Data provided:
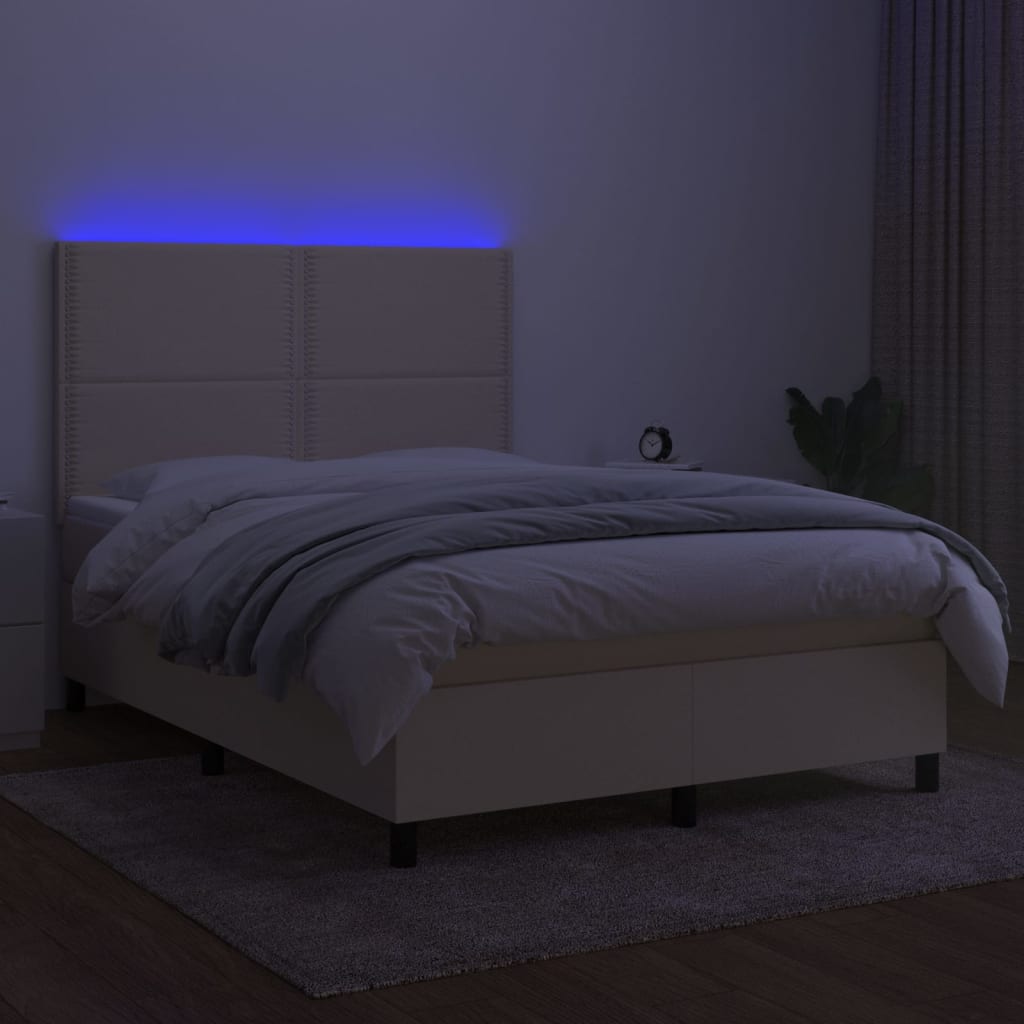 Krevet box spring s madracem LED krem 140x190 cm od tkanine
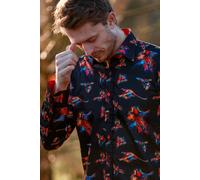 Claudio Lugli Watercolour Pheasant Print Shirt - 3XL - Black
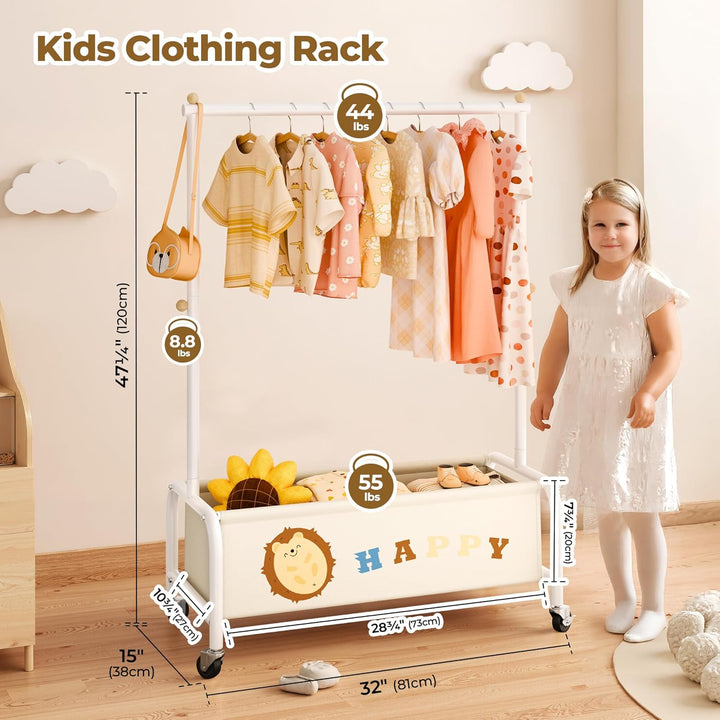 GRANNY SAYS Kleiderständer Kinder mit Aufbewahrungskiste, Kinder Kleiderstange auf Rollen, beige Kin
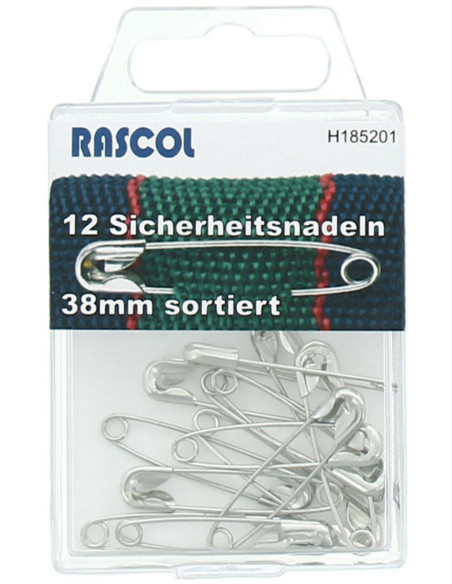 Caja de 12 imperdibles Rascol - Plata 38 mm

Try it: Reproduce every line above as written, skipping pictures.

Task result:
 Krevet box spring s madracem LED krem 140x190 cm od tkanine
 Claudio Lugli Watercolour Pheasant Print Shirt - 3XL - Black
 GRANNY SAYS Kleiderständer Kinder mit Aufbewahrungskiste, Kinder Kleiderstange auf Rollen, beige Kin
 Caja de 12 imperdibles Rascol - Plata 38 mm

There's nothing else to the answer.